■ **Work instruction**
Please return the lines below verbatim, beginning at the one that has "330 El Dorado BLVD N, Cape Coral, FL 33993" and stopping after the one that has "Casa del Artista 4bed,4 bath Ocean view home", and add no other lines.

■ **Given information**
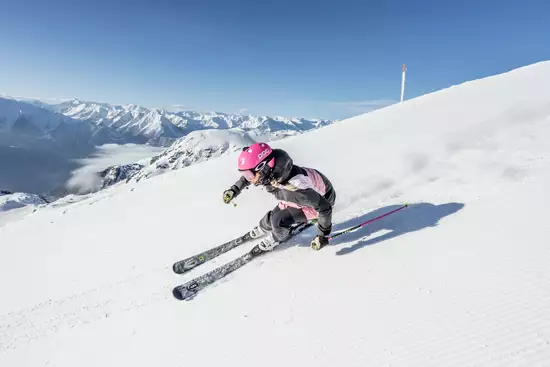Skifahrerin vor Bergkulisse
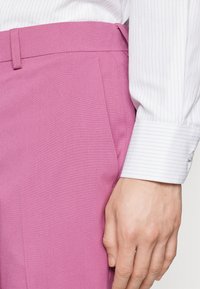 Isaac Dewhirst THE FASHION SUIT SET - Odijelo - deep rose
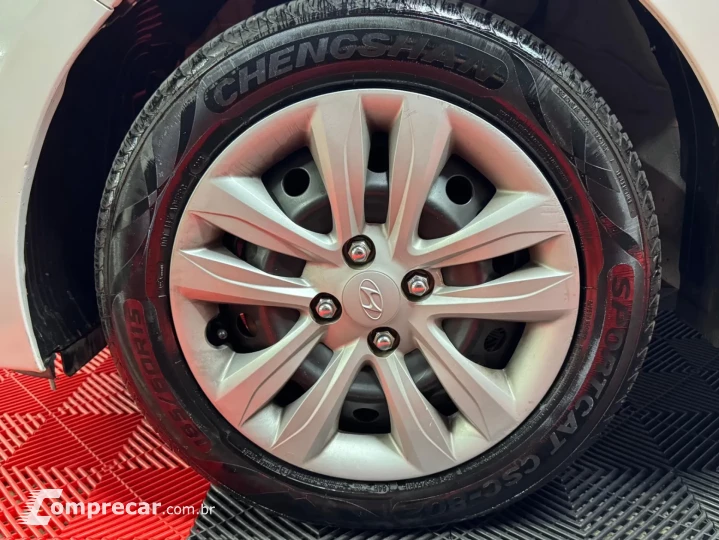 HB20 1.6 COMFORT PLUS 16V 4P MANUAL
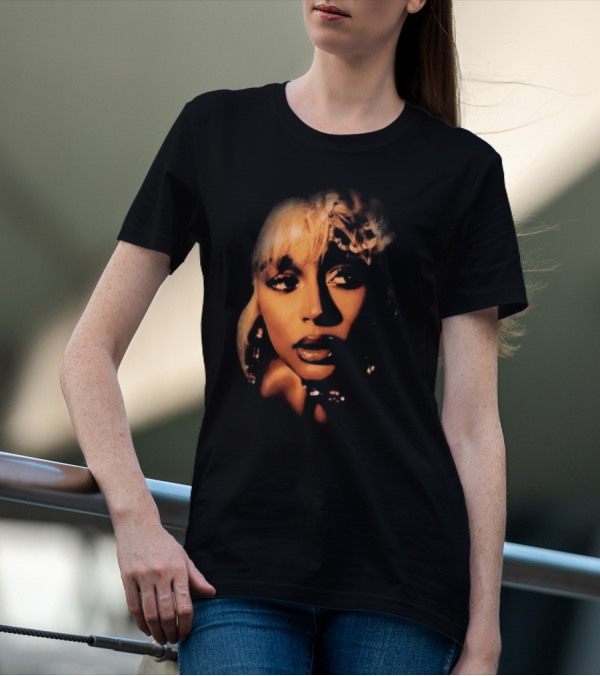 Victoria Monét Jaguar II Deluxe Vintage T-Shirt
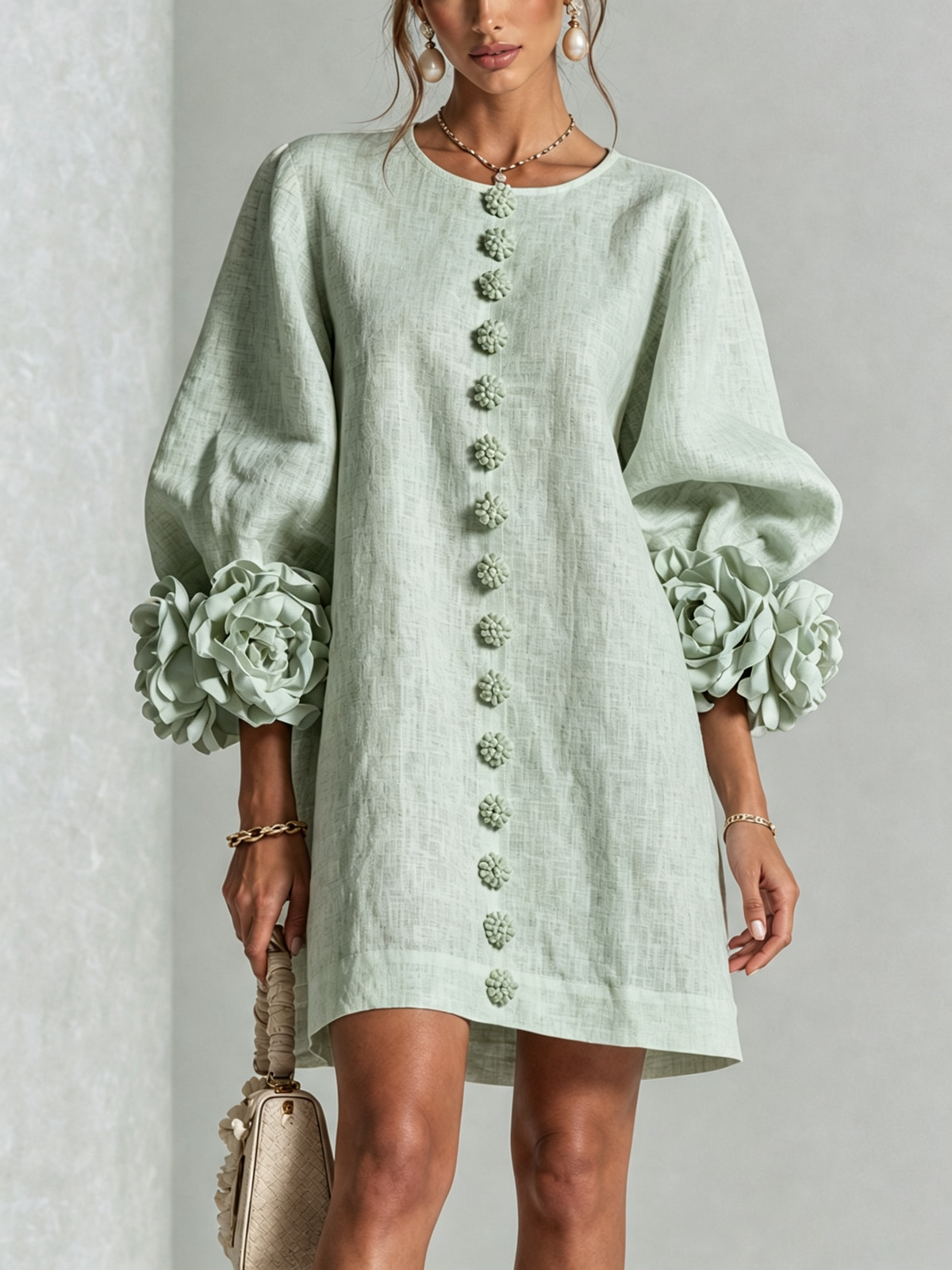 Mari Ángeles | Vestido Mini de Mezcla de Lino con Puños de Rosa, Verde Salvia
--
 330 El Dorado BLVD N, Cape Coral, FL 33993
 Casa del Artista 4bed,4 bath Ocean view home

■ **Reply to the task**
 330 El Dorado BLVD N, Cape Coral, FL 33993
 Casa del Artista 4bed,4 bath Ocean view home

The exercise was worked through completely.